Paragone spera che il suo caso sia il primo e per ora non dà segni di voler rinunciare alla sua linea. Dal lancio del suo partito, lo scorso luglio, è in un tour quasi continuo in giro per l’Italia, per incontrare attivisti e possibili sostenitori. «Il governo Draghi ha portato molta acqua al mio mulino, ma ora il mulino bisogna costruirlo», dice. Creare un vero partito è complicato. Servono fondi, attivisti e sostenitori. Paragone dice di voler presentare un suo candidato già alle elezioni suppletive che si svolgeranno a Siena, in primavera.

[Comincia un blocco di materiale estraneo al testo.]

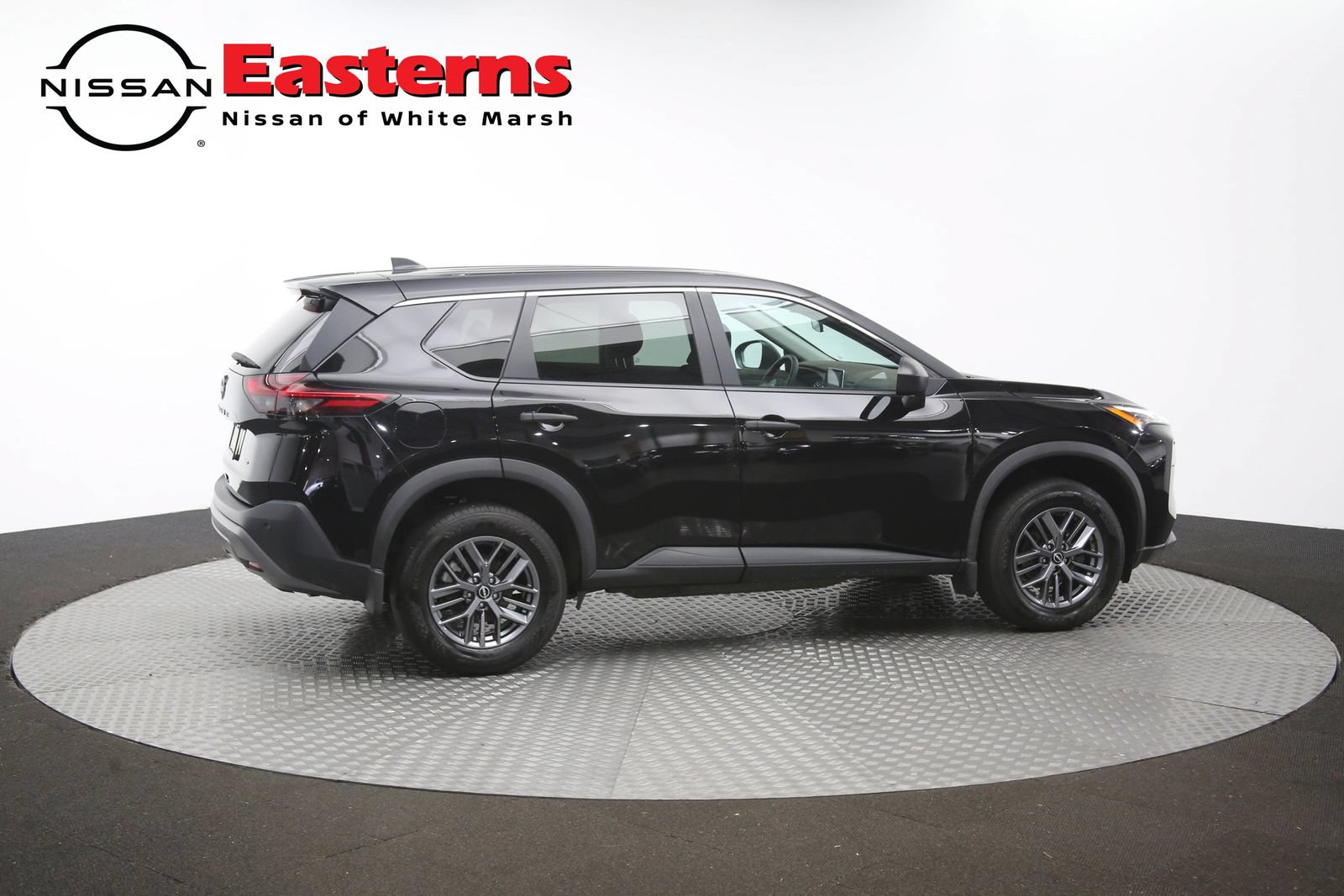 Used 2023 Nissan Rogue S AWD/4WD image 40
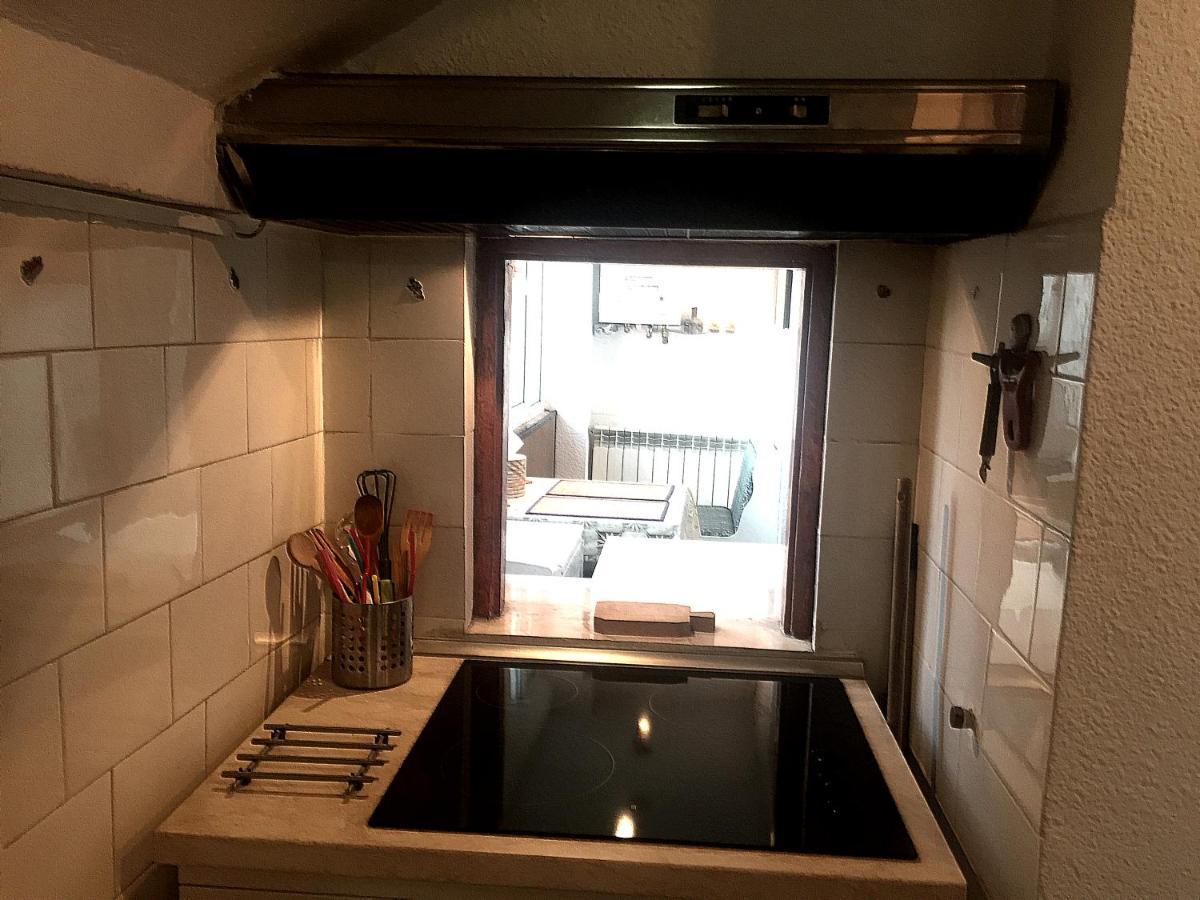 בוקרשט One Bedroom Apartment French Embassy מראה חיצוני תמונה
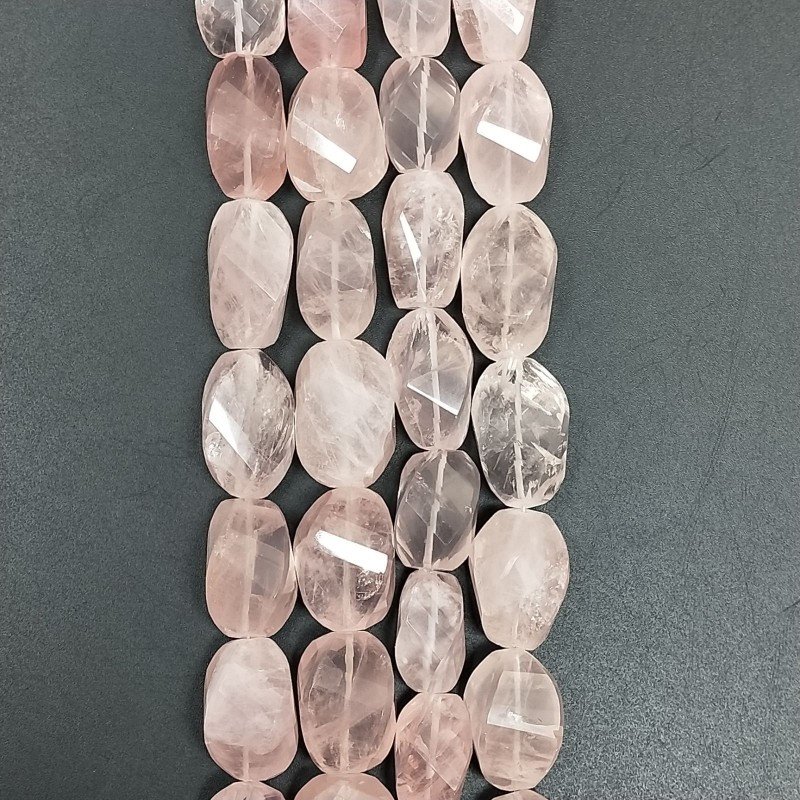 Quarzo Rosa Naturale in Perline Forma Goccia Twist Sfaccettato a Mano Foro Passante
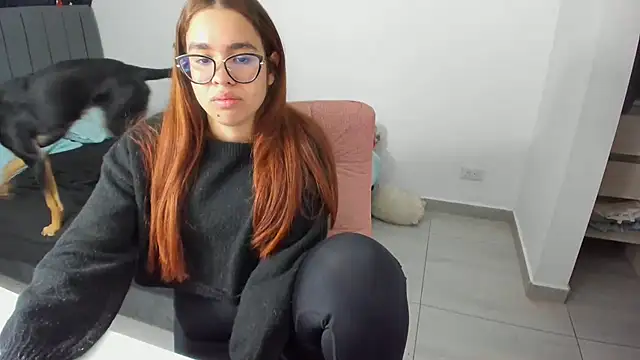 Snapshot of Greciaruiz_ chatting on 09-14-25, 01:38 Greciaruiz online show from 09-14-25, 01:38
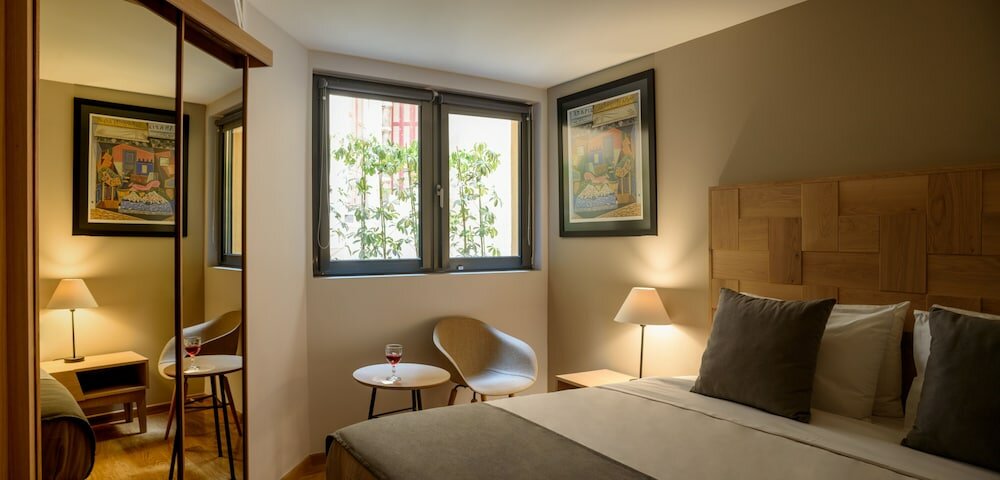 Фото Fos DownTown Suites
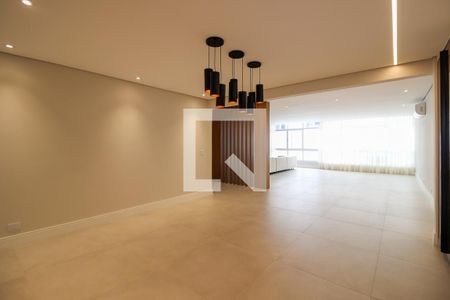 Apartamento à venda com 243m², 3 quartos e 2 vagasSala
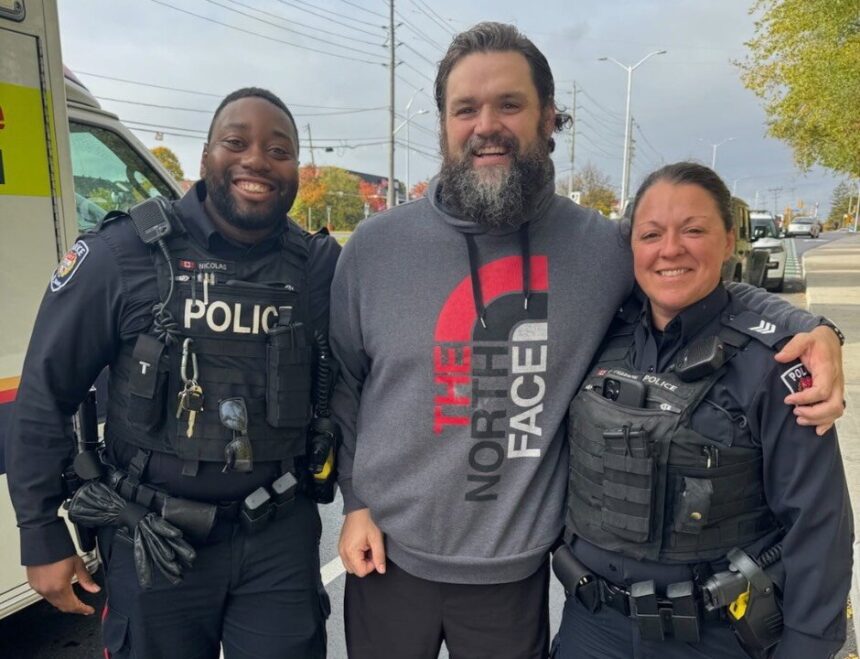 ‘this-is-not-what-i-was-expecting-today’:-ottawa-police-officers-deliver-baby-on-side-of-highway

Avrà una possibilità? Il professor Daniele Albertazzi, politologo dell’università di Birmingham e osservatore attento della politica italiana è scettico. «A seconda della legge elettorale che avremo, ci potrebbe essere uno spazio. Ne abbiamo avuti tanti di piccoli partiti personali in Italia e ce ne saranno altri in futuro. Ma politicamente, a mio avviso, non c’era spazio neanche prima, figuriamoci adesso». Se c'è una cosa che la stessa storia di Paragone dimostra, infatti, è che «L’euroscetticismo in Italia è sempre stato un tema da campagna elettorale e nulla più»: un ideale adottato quando faceva comodo, e sempre scaricato non appena era conveniente.
Per gli amici di Paragone, la sua continua battaglia contro l’euro è quindi la prova che si tratta di una persona che crede davvero nei suoi ideali. Ma negli anni Paragone ha flirtato con federalismo, euroscetticismo, berlusconismo, grillismo e nazionalismo: una carriera troppo multiforme per poterla contenere in un comodo santino euroscettico.
Oggi Paragone ha 49 anni, talento comunicativo, fiuto per gli umori dell’elettorato a una popolarità che gli arriva da anni di televisione. Sembra scontato che ne sentiremo ancora parlare, ma se per la battaglia contro l’euro o per qualcosa di completamente diverso, forse, non lo sa nemmeno lui.